In Florida, gay men and lesbians can be licensed as foster parents, but a 1977 law forbids them from adopting.
Smith, who has been in a stable relationship since 1988, was licensed as a foster parent in 1999. Two years later, DCF placed a 5-year-old boy in his home. The boy, who has learning disabilities and other special needs, has remained with Smith ever since.
At the urging of a Monroe County judge, Smith was named permanent guardian over the boy in 2006, ensuring the boy could remain with Smith and achieve permanency — a requirement of both state and federal law for all abused or neglected children taken into care by the state.
But the guardianship became a double-edged sword: In August 2008, when Monroe Circuit Judge David J. Audlin approved Smith’s adoption of the boy — declaring Florida’s adoption law unconstitutional in the process — the guardianship was cited by DCF as its reason for denying the subsidies.
State law allows such subsidies only for children in state care. With Smith’s son already in a guardianship, DCF lawyers argued, the boy no longer met the criteria.
In signing Tuesday’s agreement, DCF insisted it was not admitting it did anything wrong.
“It is understood and agreed that this settlement is a compromise of a disputed claim or claims, and the agreement made is not and does not have the effect of any admission of eligibility for adoption assistance by the department,” the agreement states.
In comments to The Miami Herald on Tuesday, the agency continued to maintain that the settlement does not detract from DCF’s position that a child outside state care is not entitled to a subsidy.
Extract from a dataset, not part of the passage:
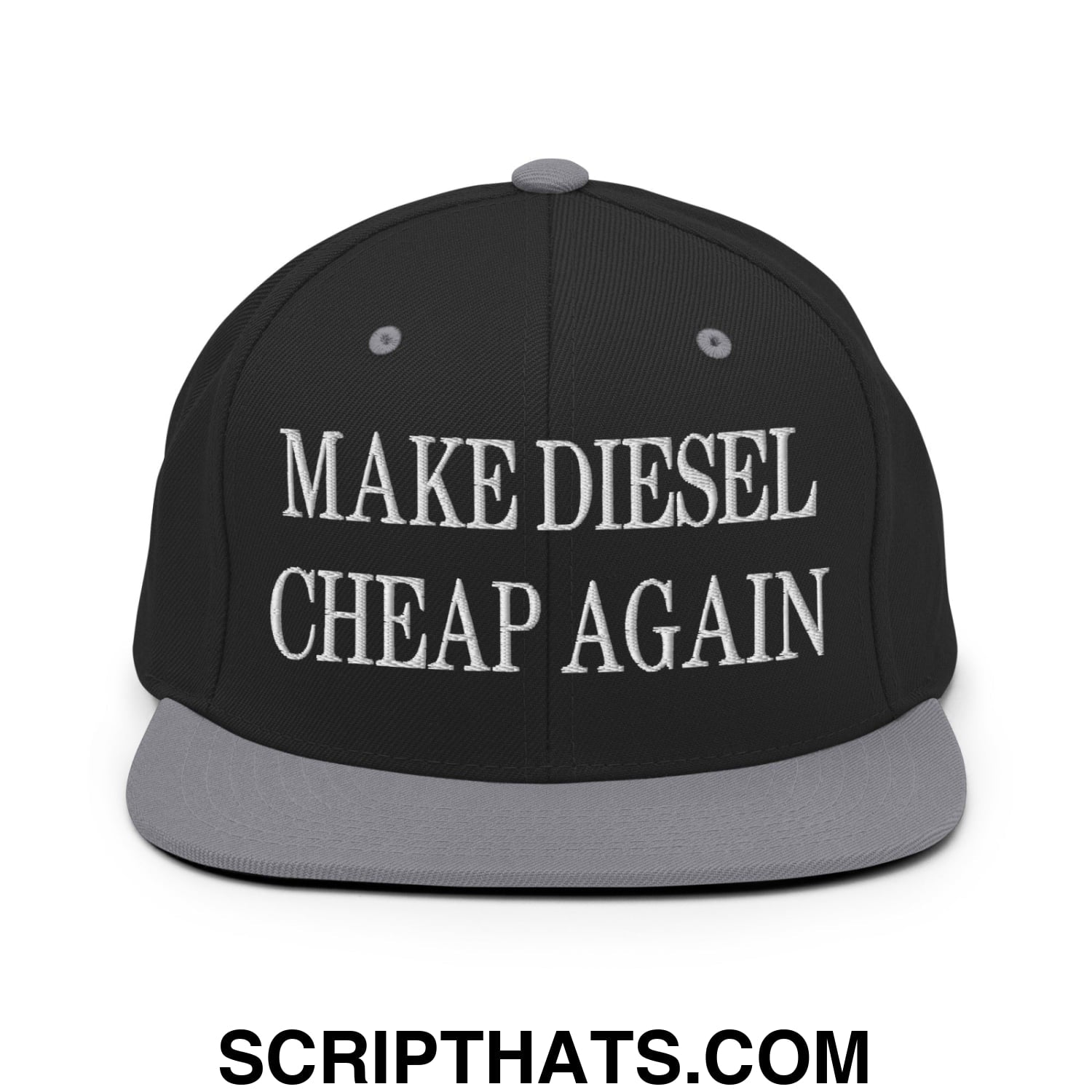 Make Diesel Cheap Again Embroidered Flat Bill Brim Snapback Hat Black Silver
“The focus of this settlement was on whether the state can legally provide an adoption subsidy for a special-needs child who was not in the department’s custody when he or she was adopted,” said DCF spokesman Joe Follick. “The child in this case was not under our direct care or responsibility at the time of the adoption.
“The case was closed in 2008 with the child achieving permanency when the caregiver was awarded plenary guardianship by the dependency court. This settlement does not address the ongoing legal consideration of the state’s gay adoption laws which, as an executive agency, we are still bound to follow,” Follick added.
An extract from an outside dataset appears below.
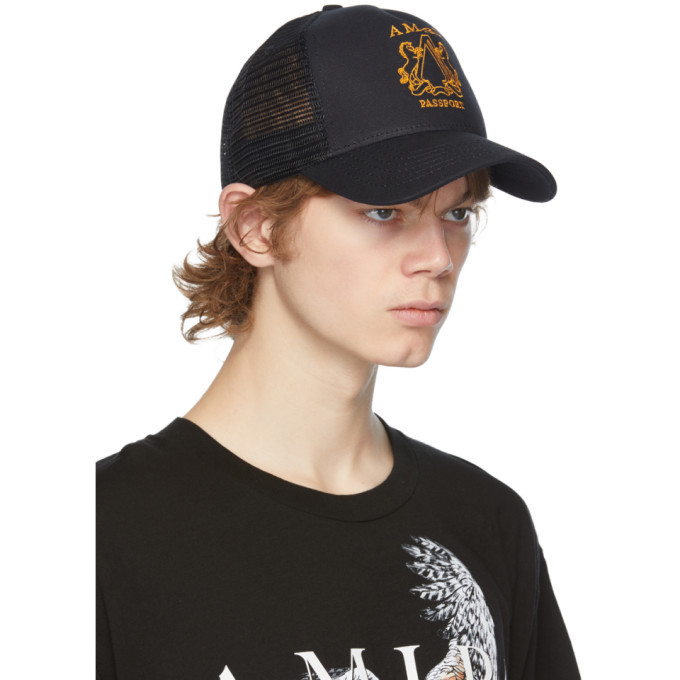 Amiri Black Passport Trucker Hat Amiri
Miami lawyer Alan Mishael, who represents the adoptive parents in two of three South Florida cases involving a gay person, said the department’s decision to stop fighting the subsidy sends an important message.
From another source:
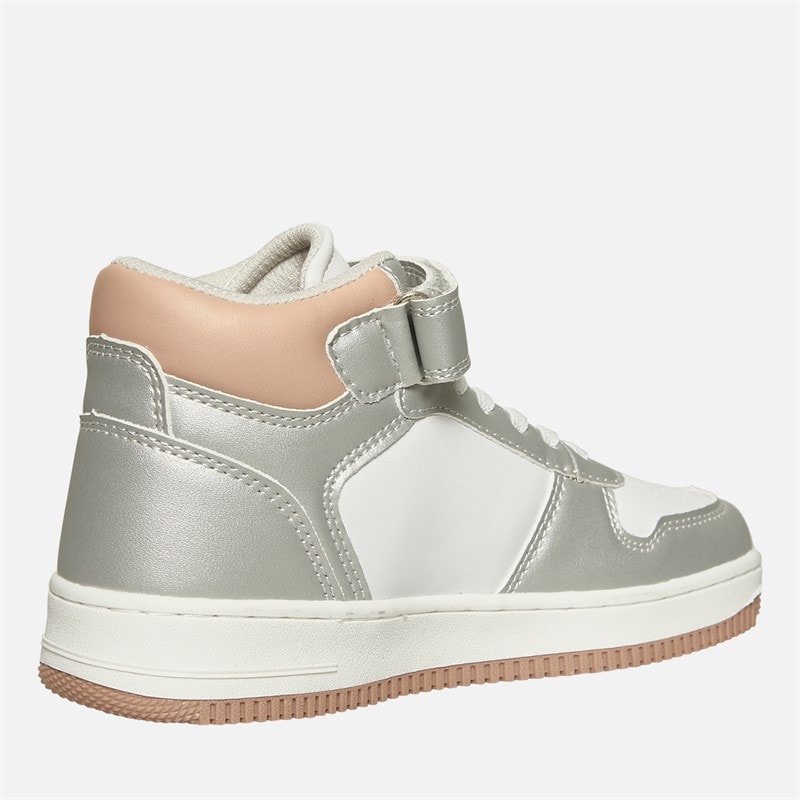GAP Girls Boston Mid Trainers White Silver Rose - Image 5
“You have to think: the Department of Children & Families is agreeing to help defray the expenses of a gay man who adopted a foster child,” he said.
In a separate case, Mishael is representing Vanessa Alenier, a Hollywood woman who adopted an infant relative in Miami-Dade last month. In that case, both the adoption and the department subsidy will become final in one week if DCF does not appeal. DCF presented neither evidence nor testimony during the adoption trial.
“I hope this is an indication of better things to come,” Mishael said.